ROSARIO, Argentina — Popes have long issued monthly prayer intentions, but they’ve never done so in the form of a personal video. Starting Wednesday, that’s exactly what Francis plans to do, starring in his own monthly appeal for prayer on a specific theme.

The initiative comes from a Jesuit-run global prayer network called the Apostleship of Prayer, with the help of a consulting firm and the support of the Vatican’s Television Center. Known as “The pope’s video,” they’ll be released monthly Facebook, Twitter, Instagram, and YouTube, with Francis reflecting on one particular topic.

The debut video, being released on the feast of the Epiphany, will be on the theme of interreligious dialogue. It corresponds with this month’s prayer intention, which is “that sincere dialogue among men and women of different faiths may produce the fruits of peace and justice.”

Three of Francis’ closest friends from Argentina are also featured in January’s video: Islamic leader Omar Abboud, Rabbi Daniel Goldman, and Rev. Guillermo Marco, a Catholic priest. Completing the line-up is a Buddhist lama.

“In a world where everything pushes towards fragmentation, opposition, and division, it’s more than ever necessary that religions and persons that hope for peace, brotherhood, and solidarity mobilize together on common projects,” said the Rev. Frédéric Fornos, managing director of the Pope’s Global Prayer Network.

The videos should be seen as a challenge from Francis to humanity, he said.

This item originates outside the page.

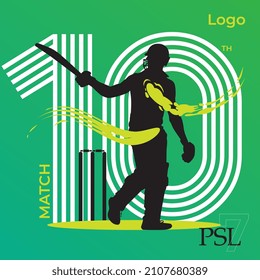 Pakistan super league saven, 10th match.
vector illustration.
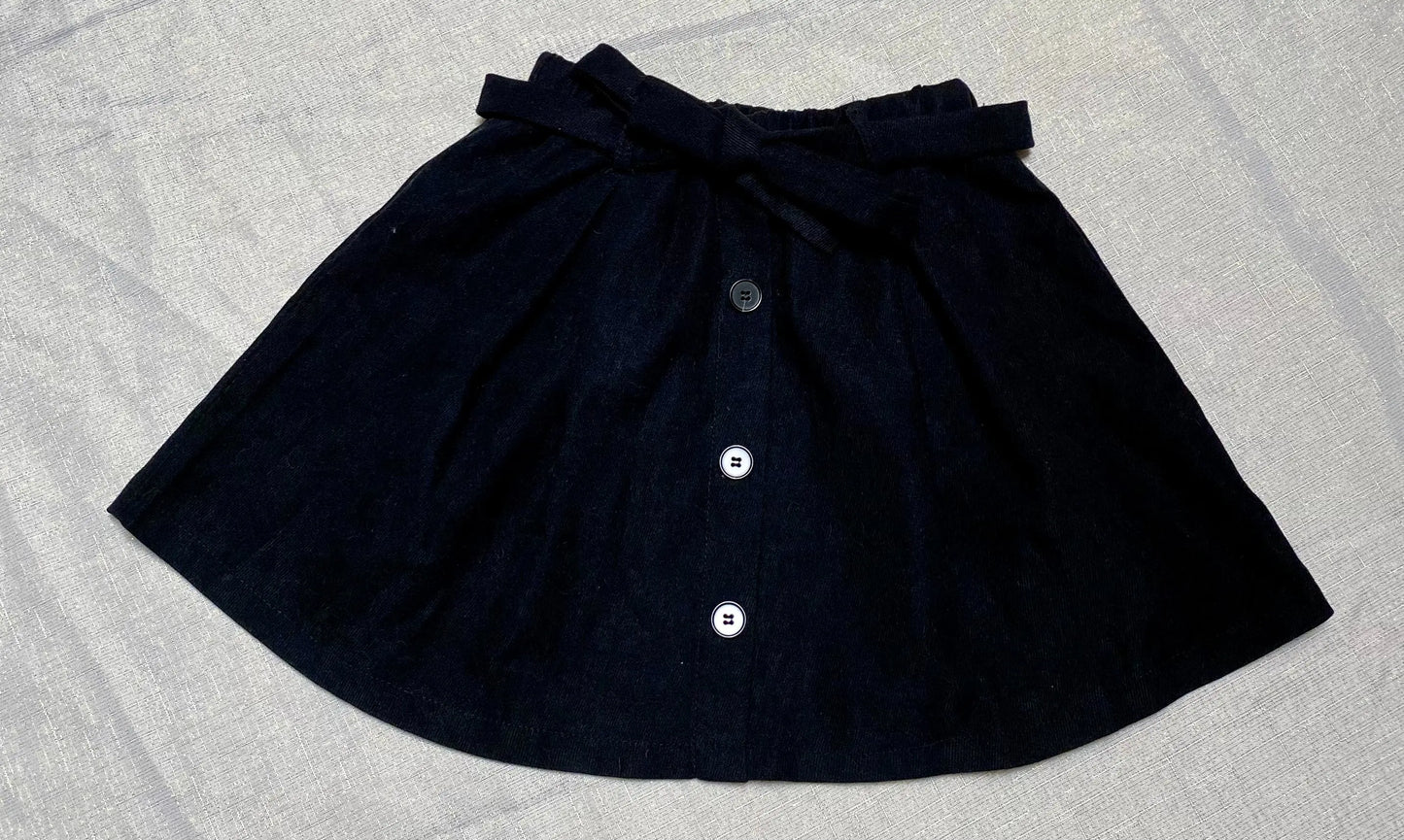 Jupe Noire Effet Velours avec Ceinture Nouée - Fille 6 ans, Shein shein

Fornos — who, like Pope Francis, is a Jesuit — is the head of the international Apostleship of Prayer, an outreach program that since 1890 has been distributing the pope’s monthly prayer intentions. Generally there are two such intentions, one “for the whole world,” aimed at all people of good will, and one known as “the missionary intention,” for the spread of the Gospel.

The videos will be based on the first, more universal theme.

“Religions, more than ever, must show that they can move together for common challenges facing humanity in the service of peace, brotherhood and solidarity,” Fornos said.

The apostleship website currently posts videos about the pope’s monthly prayer intentions, but recorded by various people.

The idea to make these intentions into short videos by the pope, aiming to reach up to 30 million people in 10 different languages, came from La Machi, a boutique consulting firm with offices in Rome, Argentina, and Barcelona.

Juan Della Torre, founder of the agency, told Crux that the idea has been simmering for several years, since the firm launched the app “Click to Pray” for the Apostleship of Prayer in Portugal. At the moment, the Global Prayer Network is being renovated, a process started by emeritus Pope Benedict XVI and continued under Francis.

“We wanted to use new technologies to spread the pope’s prayer intentions, and our research showed that viral videos is the best way to do so,” Della Torre said.

He also said that helping the Church has been a long-time dream for La Machi. Doing the videos with and for the pope, he added “seemed crazy at the beginning, but one of those crazy ideas that, I hope, lead to the Holy Spirit.”

February’s video will be about care for creation, according to Della Torre; March’s theme will be the family, perhaps in conjunction with Francis’ highly-anticipated concluding document from the Synod of Bishops on the family.

Although the release date for that text, technically called an apostolic exhortation, hasn’t been formally announced by the Vatican, sources have told Crux it will come out that month.